As I think the original poster intended to suggest, I have always heard the Roman Mile described as 1,000 (double) paces, not as any number of foot-lengths. (The word, of course, comes from the Latin word for “thousand”.)

Surveyors, by the way, use an entirely different subsystem of English measures.

1 link = 7.92 inches (exactly).
25 links = 1 rod = 16.5 feet (exactly)
100 links = 1 chain = 4 rods = 66 feet
1000 links = 1 furlong = 10 chains = 40 rods = 660 feet
8000 links = 1 mile = 8 furlongs = 80 chains = 320 rods = 5280 feet

The system is further confused, however, because surveyors continue to use the pre-1959 definition of the inch: exactly 1/39.37 meter, which is 0.0002% bigger than the 1959 definition: exactly 2.54 centimeters.

In other words, a mile is actually about 5280.01 feet.

A good thing we don’t use that confusing metric system, huh?


“Cumbersome though the present English system of measures is, it’s a miracle of simplicity compared to what it was a thousand years ago. One distance then was defined as 3 miles, 3 furlongs, 9 acres’ breadths, 3 perches, 9 feet, 9 shaftments, 9 handsbreadths, and 9 barleycorns, which sounds more like the inventory of a chicken farm than a measurement. Give me a kilometer any day.”
I agree I will take the kilometer, but was (is) there really a measurement in use that was so defined? I sounds suspiciously like some writing from Lewis Carroll.

They are all real linear measurements, and most of them are still in limited use.

Mile: 5280 feet
Furlong: 660 feet
Acres’ breadth: 66 feet, or 1 chain
Perch: 16.5 feet, or 1 rod
Foot: 12 inches
Shaftment: about 6 inches (obsolete & the only one I had to look up)
Handsbreadth: somewhere between 2.5 and 4 inches (obsolete)
Barleycorn: 1/3 inch (still used in US shoe sizes)

I think the barleycorn et al figure was a measurement, not a unit. That is to say, some surveyor measured the distance between the corner of Jones’ barn and the center of Johnson’s well, and found that that distance was equal to three miles etc.

So far as I know, this is actually the only place where 10 shows up as a conversion factor in the customary system. Well, that, and ten acres in a square furlong, which amounts to the same thing. Honestly, it’s easier to find unit ratios for 7 and 9.

As for the feet in a Roman mile, the mile was defined in terms of strides, but with how organized the Roman army was, it would surprise me not at all if the official standard stride of a Roman soldier was enforced to be exactly 5 Roman feet.

Anyone heard of an Arpent? You can read about them on Arpent are old measurements and they can be used to measure distance and area. Arpent were used to measure land in Louisiana and other U.S. States with plenty of river front land. One arpent in Louisiana measures so many feet, while an Arpent in Arkansas measures differently.

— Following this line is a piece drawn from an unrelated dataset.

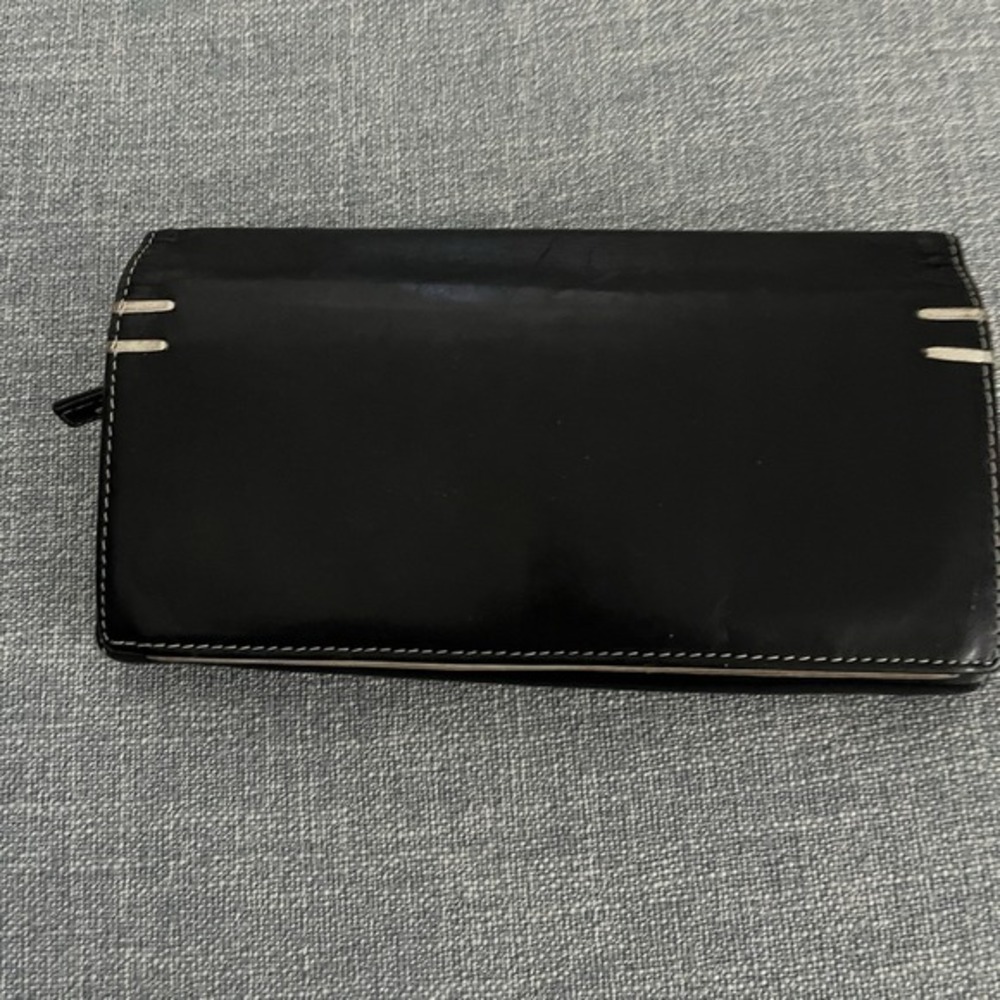 Tula Black Leather Wallet Trifold Snap Closure Credit Card Slots Travel‎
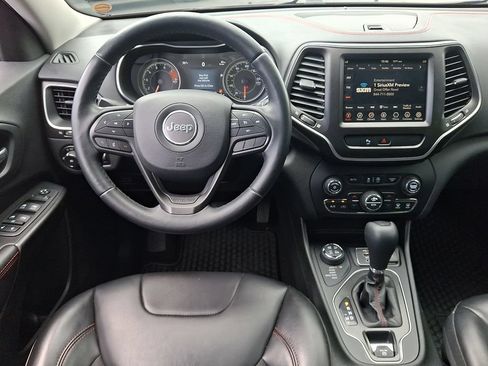 Used 2019 Jeep Cherokee Trailhawk AWD/4WD image 11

WAG without any research than what Ficer provided:

Given its name and where it was used in North America, I assume that the arpent was a French measurement (pre-Revolutionary/Napoleonic reforms), and had less to do with riverfront areas pre se.

In Louisiana, the arpent indeed was involved with riverfront areas, because of the nature of plantation land on the lower Mississippi. It became essentially a linear measurement – so many arpents of riverfront, extending back away from the river as far as the owner cared to clear it.

“Arpent” was indeed a French measurement for land - it’s usually translated by “acre”, not because it was exactly the same, but because that conveys the idea.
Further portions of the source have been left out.